DATA.
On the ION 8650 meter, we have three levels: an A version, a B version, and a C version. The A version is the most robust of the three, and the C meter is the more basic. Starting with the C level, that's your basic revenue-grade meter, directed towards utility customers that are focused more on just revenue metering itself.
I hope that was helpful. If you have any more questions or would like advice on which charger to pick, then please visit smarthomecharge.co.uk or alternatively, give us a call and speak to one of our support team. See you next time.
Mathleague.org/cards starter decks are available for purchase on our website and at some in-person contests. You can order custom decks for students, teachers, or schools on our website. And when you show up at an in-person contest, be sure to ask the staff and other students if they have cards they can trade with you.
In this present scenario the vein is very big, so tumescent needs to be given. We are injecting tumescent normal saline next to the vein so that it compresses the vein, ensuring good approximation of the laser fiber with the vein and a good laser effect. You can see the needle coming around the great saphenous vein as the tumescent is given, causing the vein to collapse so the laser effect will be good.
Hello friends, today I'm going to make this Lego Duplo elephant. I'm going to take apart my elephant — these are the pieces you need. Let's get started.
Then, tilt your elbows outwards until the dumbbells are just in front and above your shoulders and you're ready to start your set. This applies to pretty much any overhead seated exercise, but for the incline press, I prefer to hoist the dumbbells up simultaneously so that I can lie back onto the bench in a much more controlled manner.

--

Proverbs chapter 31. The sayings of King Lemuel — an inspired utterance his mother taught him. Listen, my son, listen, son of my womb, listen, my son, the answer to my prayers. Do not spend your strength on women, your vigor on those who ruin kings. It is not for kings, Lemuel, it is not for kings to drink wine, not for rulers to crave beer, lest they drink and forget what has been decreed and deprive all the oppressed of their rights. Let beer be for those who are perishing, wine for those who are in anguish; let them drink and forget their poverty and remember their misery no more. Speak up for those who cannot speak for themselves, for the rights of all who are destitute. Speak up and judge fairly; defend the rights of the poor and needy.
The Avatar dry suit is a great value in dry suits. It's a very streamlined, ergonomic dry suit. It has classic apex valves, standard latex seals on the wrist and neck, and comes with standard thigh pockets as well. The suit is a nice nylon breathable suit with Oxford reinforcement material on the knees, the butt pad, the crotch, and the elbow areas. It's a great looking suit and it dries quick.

--

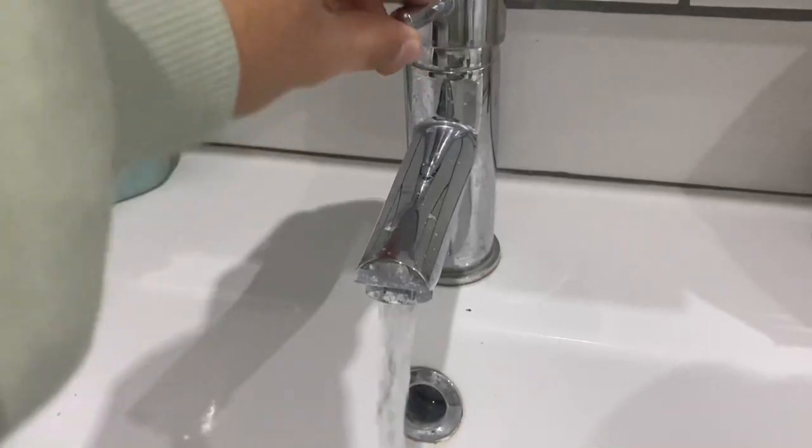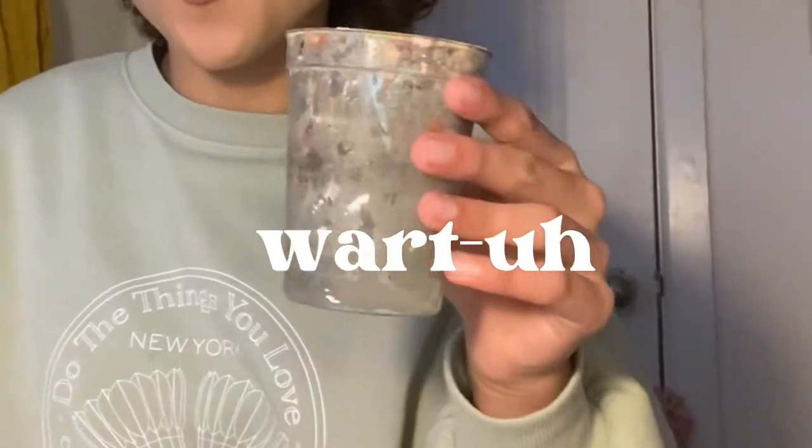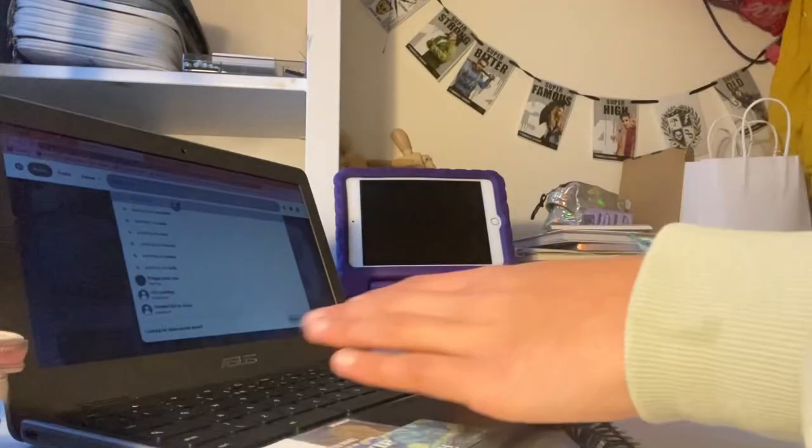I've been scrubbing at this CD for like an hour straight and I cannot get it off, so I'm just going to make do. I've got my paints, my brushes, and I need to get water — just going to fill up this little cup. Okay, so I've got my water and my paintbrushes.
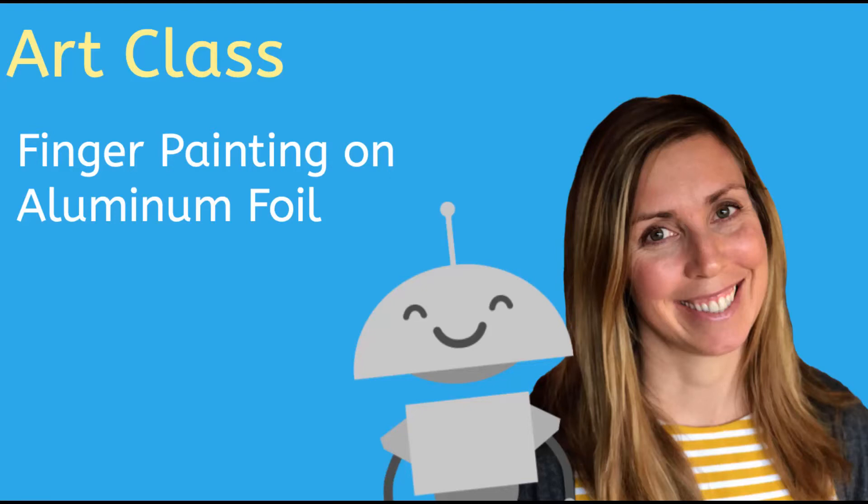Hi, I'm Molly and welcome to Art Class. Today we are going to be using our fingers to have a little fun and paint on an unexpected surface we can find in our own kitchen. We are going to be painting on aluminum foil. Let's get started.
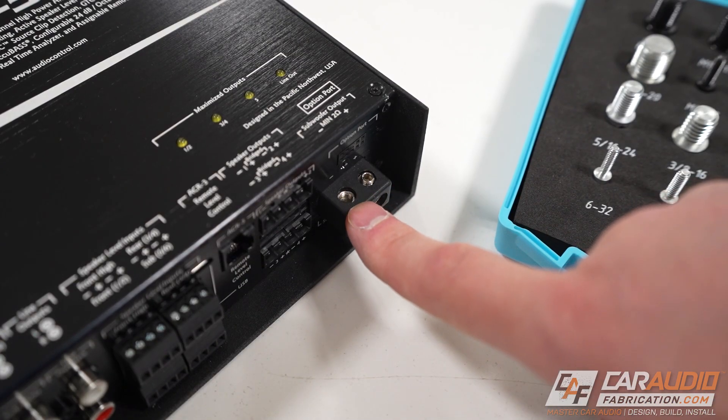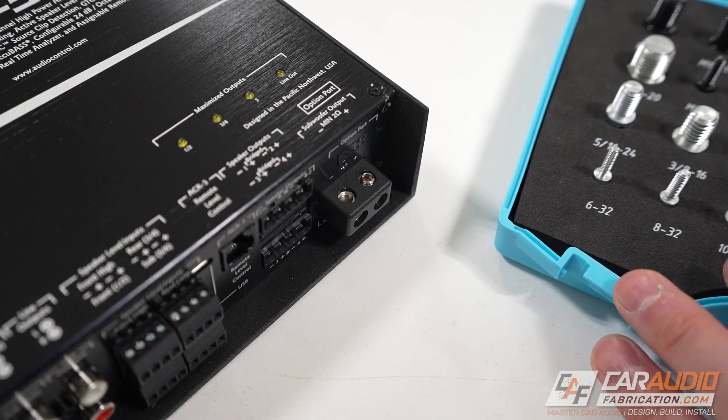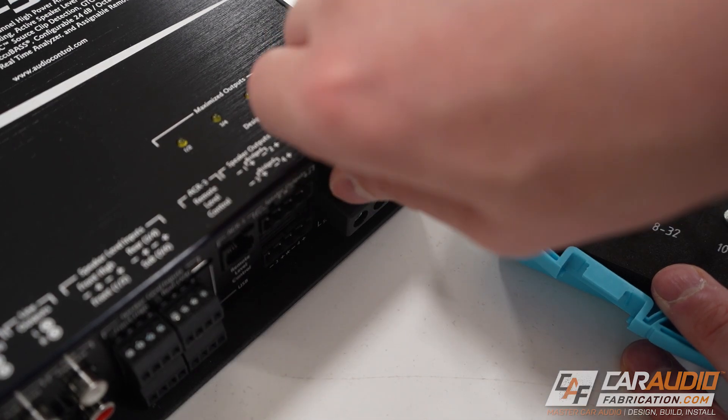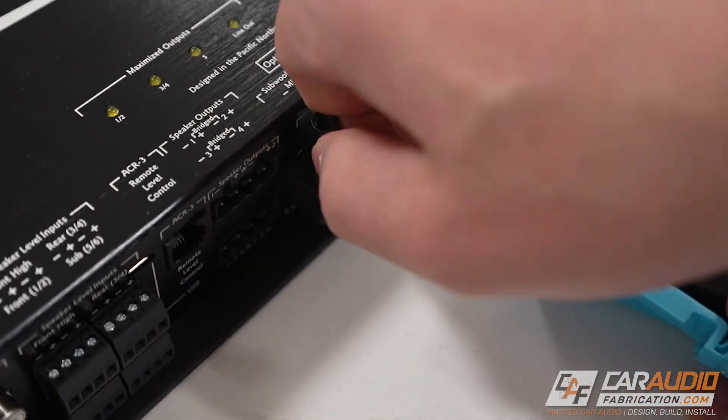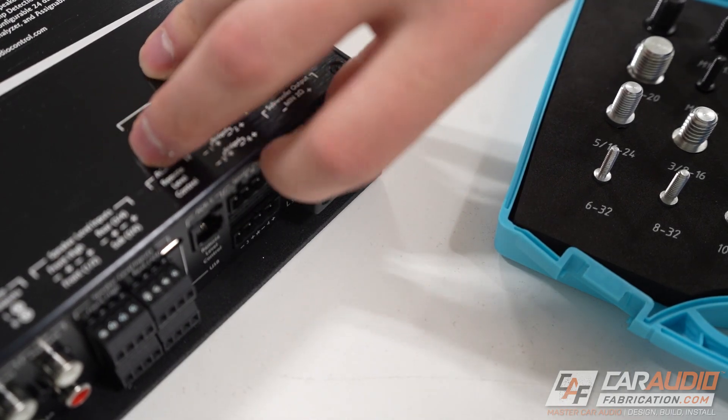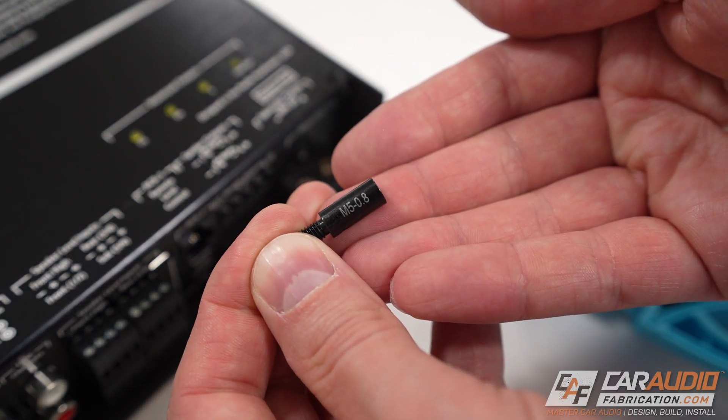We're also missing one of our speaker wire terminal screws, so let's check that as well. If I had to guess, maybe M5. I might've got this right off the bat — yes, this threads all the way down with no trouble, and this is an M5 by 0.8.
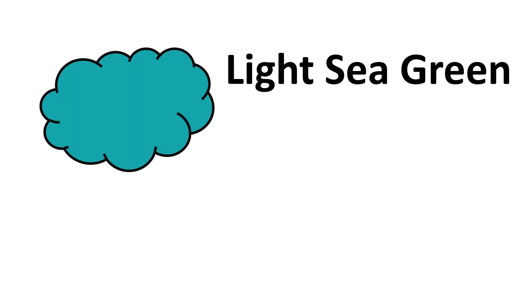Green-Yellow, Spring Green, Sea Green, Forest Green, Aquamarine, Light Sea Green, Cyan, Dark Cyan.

EXERCISE PROMPT. Going back to the entries above, set down exactly the lines that begin at the one with "On the ION 8650" and end at the one with "I hope that", both included, and nothing else.

EXPECTED OUTPUT.
On the ION 8650 meter, we have three levels: an A version, a B version, and a C version. The A version is the most robust of the three, and the C meter is the more basic. Starting with the C level, that's your basic revenue-grade meter, directed towards utility customers that are focused more on just revenue metering itself.
I hope that was helpful. If you have any more questions or would like advice on which charger to pick, then please visit smarthomecharge.co.uk or alternatively, give us a call and speak to one of our support team. See you next time.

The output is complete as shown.